Current practices of tagging knowledge workers are manual processes that offer several disadvantages, such as increasing cognitive overhead
for taggers and cold-start problem of people-tag-based systems. To address these issues, we developed approaches to (semi-) automatically
extract, rank, and assign people-tags to knowledge workers. To this end, we extract metadata from collaborative platforms used by knowledge
workers such as question-answering (Q-A) forums. We rank and assign such metadata to knowledge workers based on their contribution and
collaboration history within collaborative platforms (e.g., solving an issue or providing helpful answers).
We use tag-based profiles for an information propagation use case. We developed an access control and in particular an information
propagation model which enables end users to define information sharing policies on top of people-tags and a numeric value called distance.

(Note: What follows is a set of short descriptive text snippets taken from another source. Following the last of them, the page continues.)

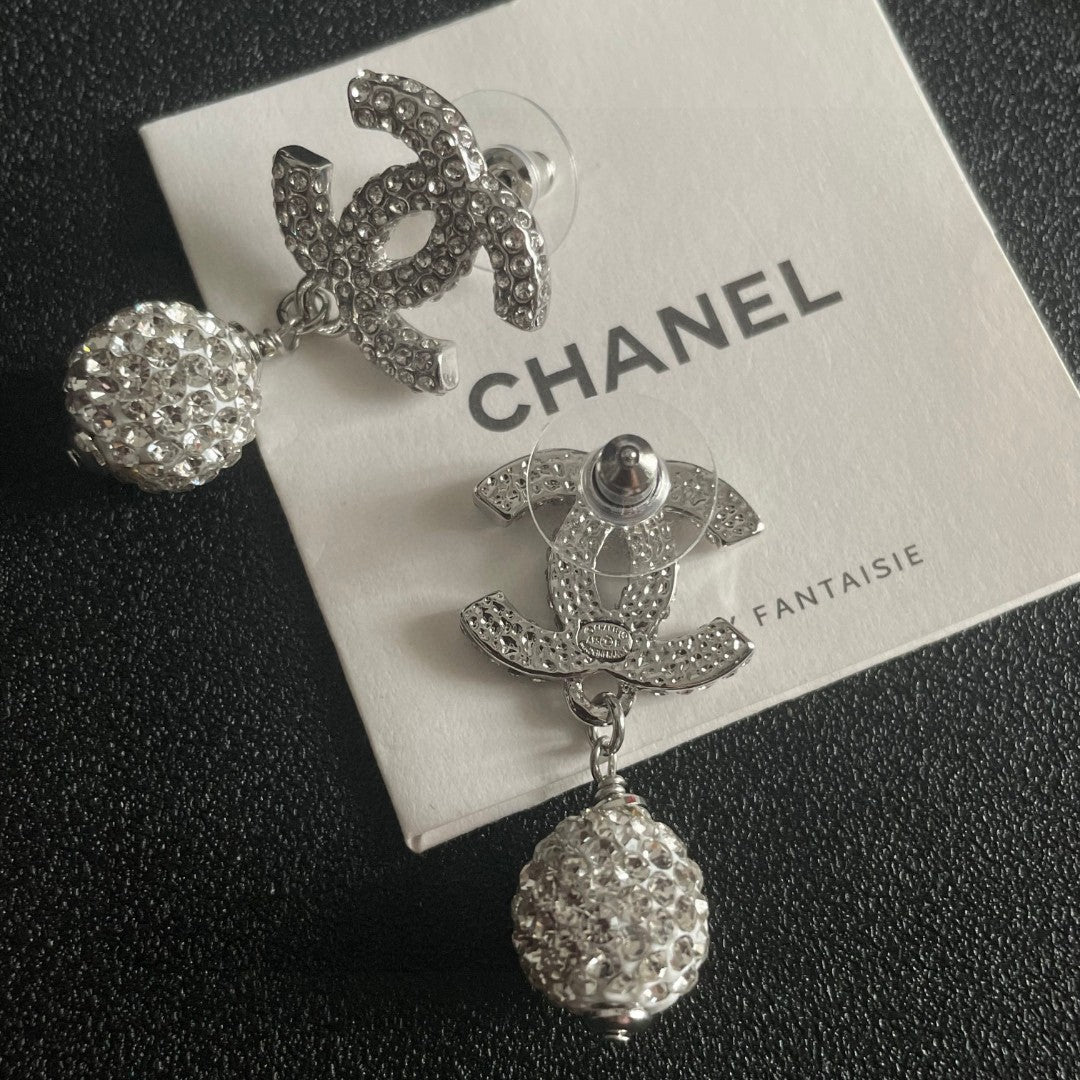 Chanel Interlocking C Crystal Accent Earrings - album image 7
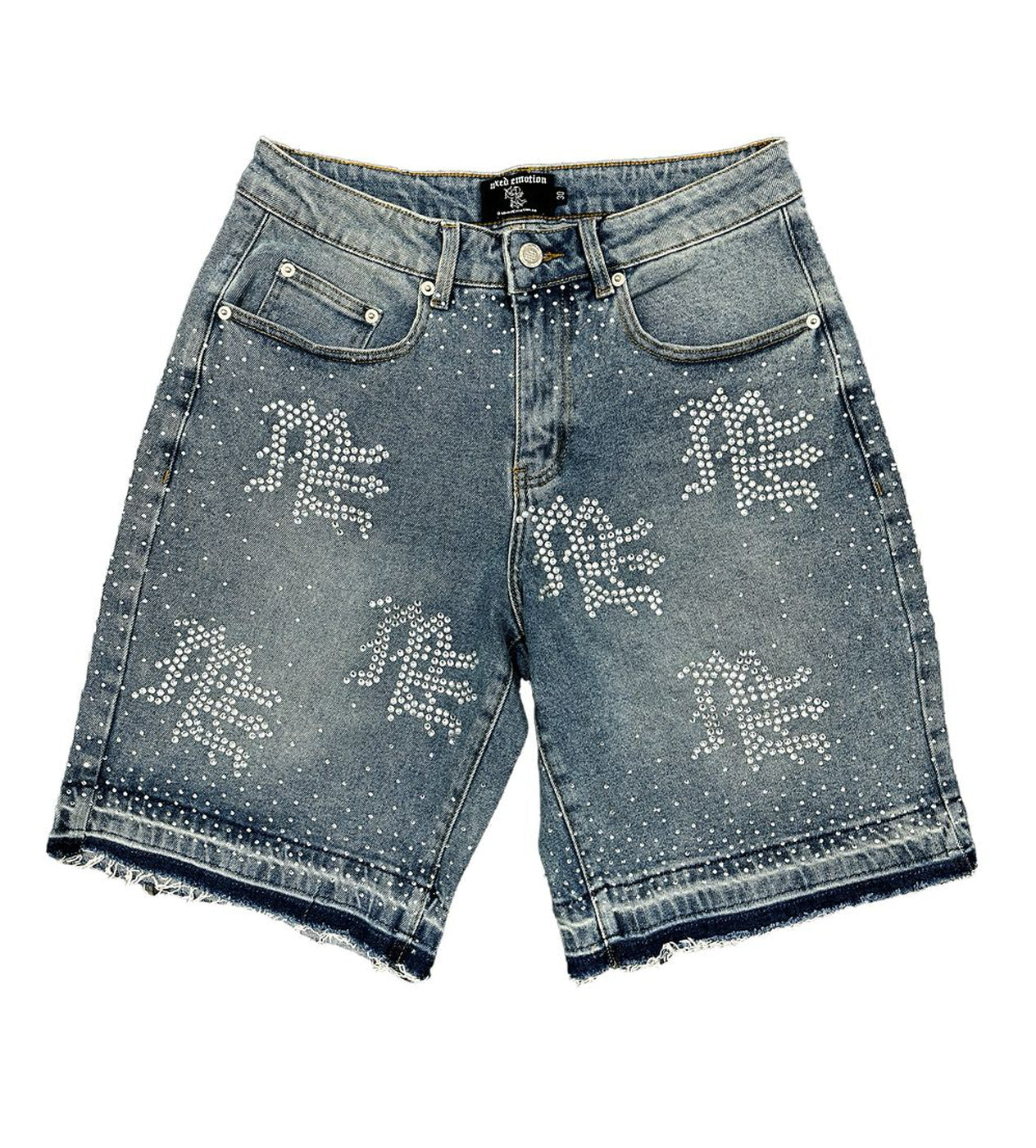 Mixed Emotions "ME" Rhinestone Denim Shorts Blue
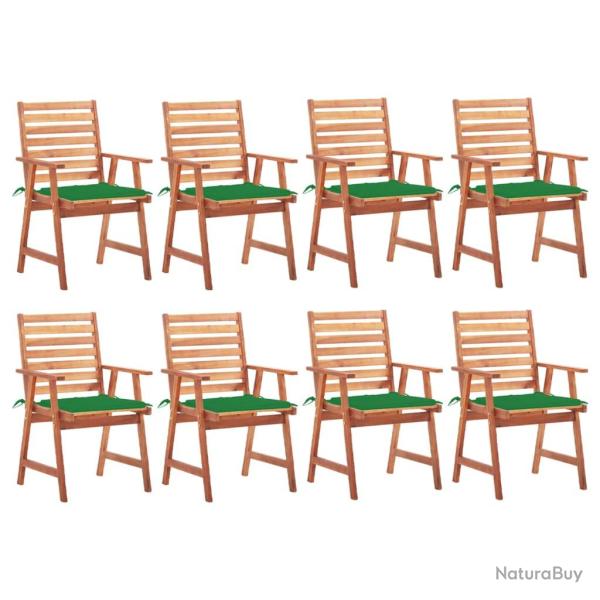 Chaises � manger d'ext�rieur avec coussins, 8 pi�ces, en acacia massif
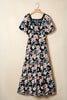 Blue Short Sleeve Smocked Detail High Waist Floral Maxi Dress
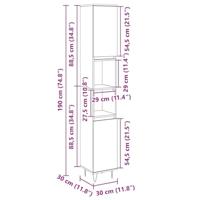 Badkamerkast 30x30x190 cm bewerkt hout sonoma eikenkleurig - thumbnail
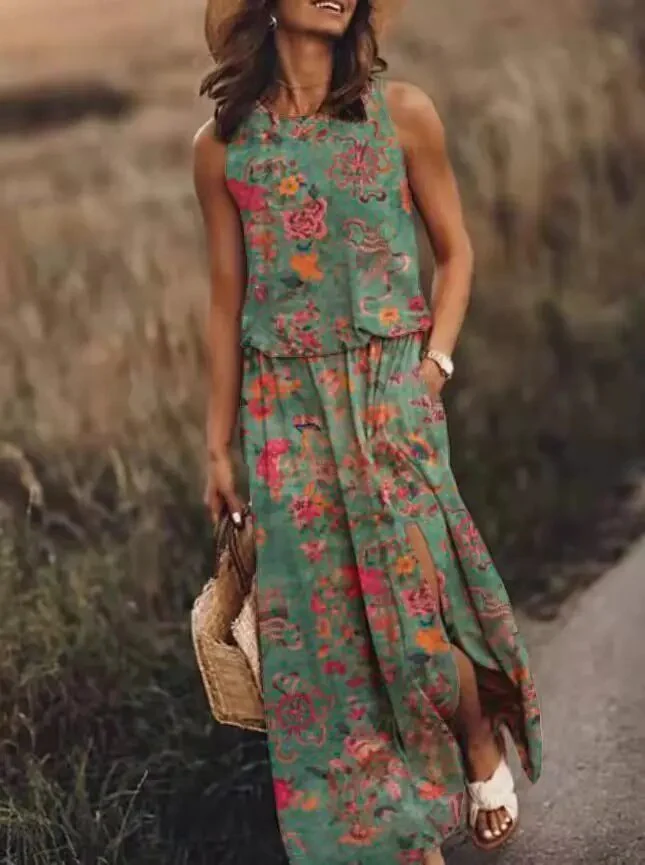 Iris | Women's Floral Two-Piece Crop Top & Maxi Skirt Set - Image 5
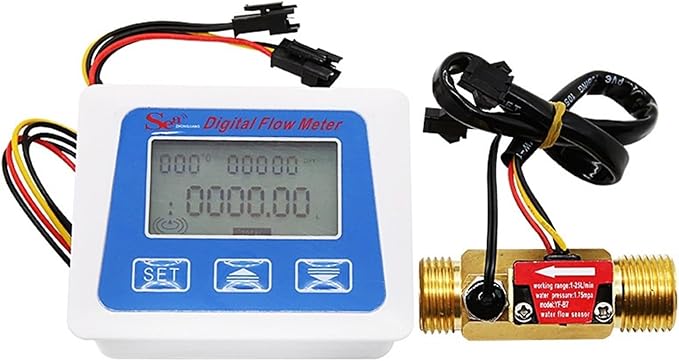 Low power consumption digital water flow meter smart electronic water meter digital display 4-point water flow meter battery powered sensor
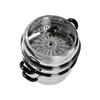 14"(36cm) Stainless Steel Steam Pot 2 Tier Multi-Layer Stack Steam Pot Boiler view 3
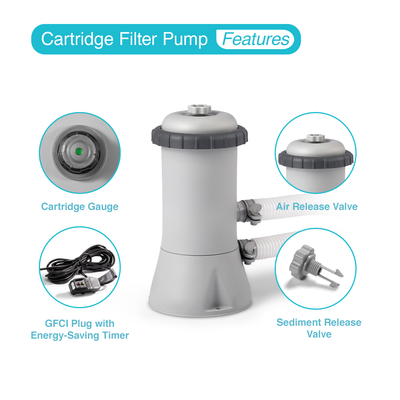 Pool Filter Pump Intex Krystal Clear Cartridge Filter Pump-2,500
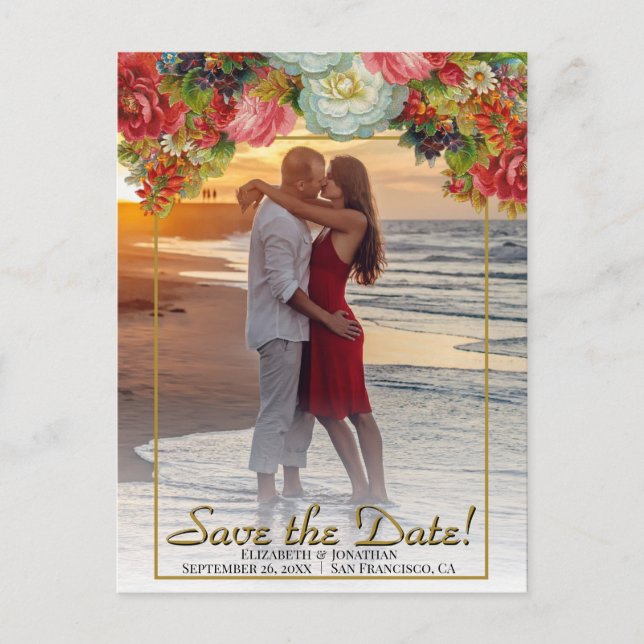 Foto för Blommigten Bröllop spara datum under höst Vykort (Framsida)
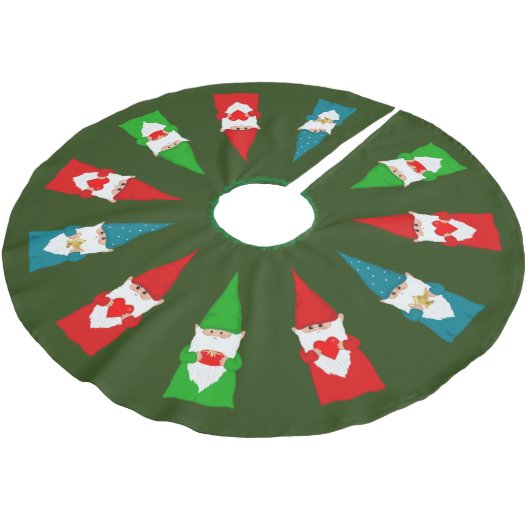Kerstgnomen op Forest Green Kerstboom Rok (Gekanteld)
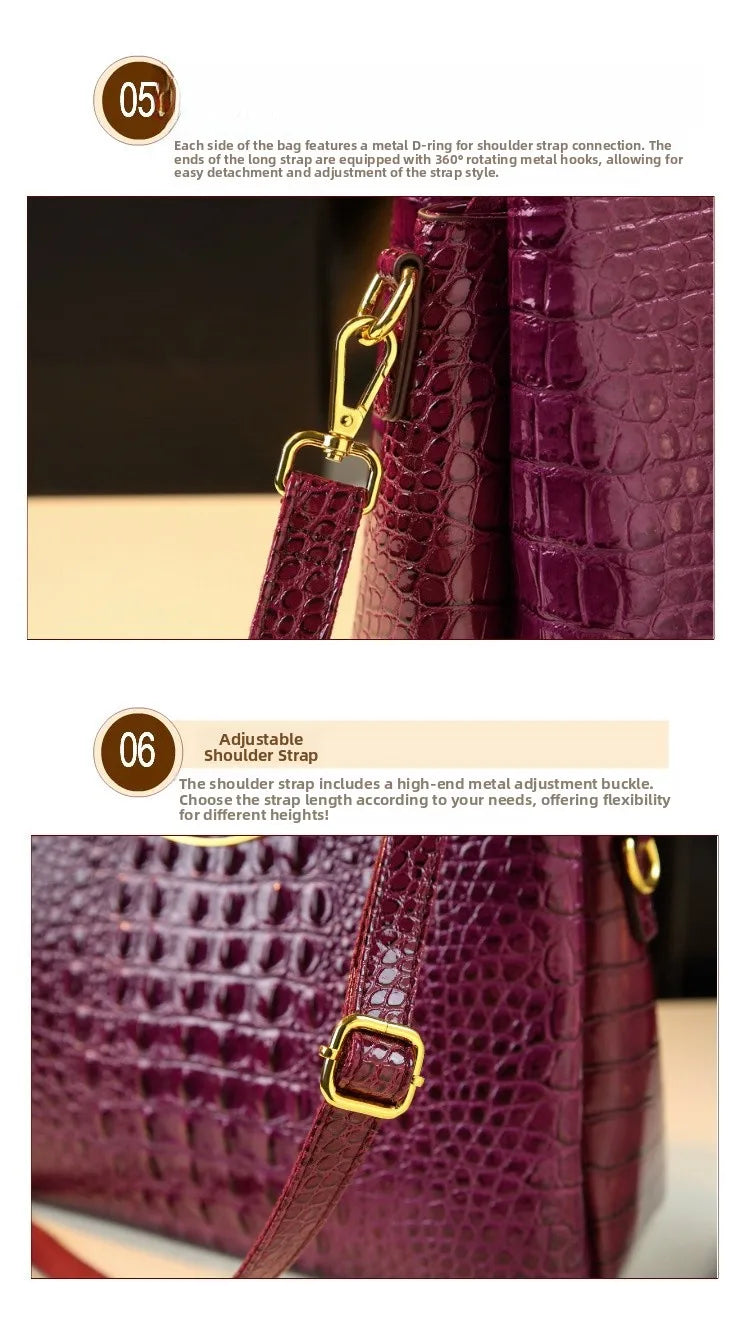 Elegant Leather Crocodile Pattern Wedding Handbag for Women Suitable for Bridal Events And Cheongsam Outfits European Vintage...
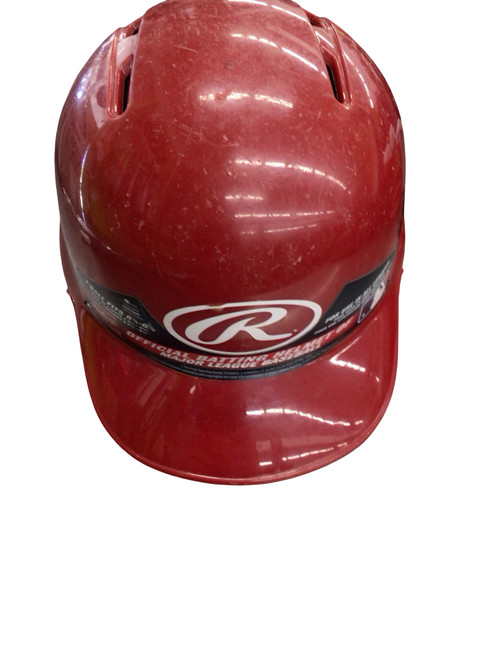 Vist Large View of Product Image Which is Used Rawlings BASEBALL HELMET Batting Helmet No Mask Red SM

The distance value determines the propagation depth of a resource in a network of connected users. As users may need help in drafting
appropriate policies for a given resource, we further equipped our model with a policy advisor component to assist users for sharing items such
as URLs and community-related announcements. The main goal of the policy advisor is to eliminate information overload and information
shortage within a network of connected users. Given an item and tag-based user profiles as input, our policy advisor is capable of analysing
the item and recommending topic-sensitive hubs who may propagate information in the network, in order to eliminate information overload and
information shortage.
All of our approaches are supported by prototypes that helped us to evaluate them with real-world data such as micro-blog posts and technical
Q-A forums. The evaluation showed that our approaches help users to tag each other and to use tag-based profiles for a more user-centric
information propagation model in social and collaborative platforms.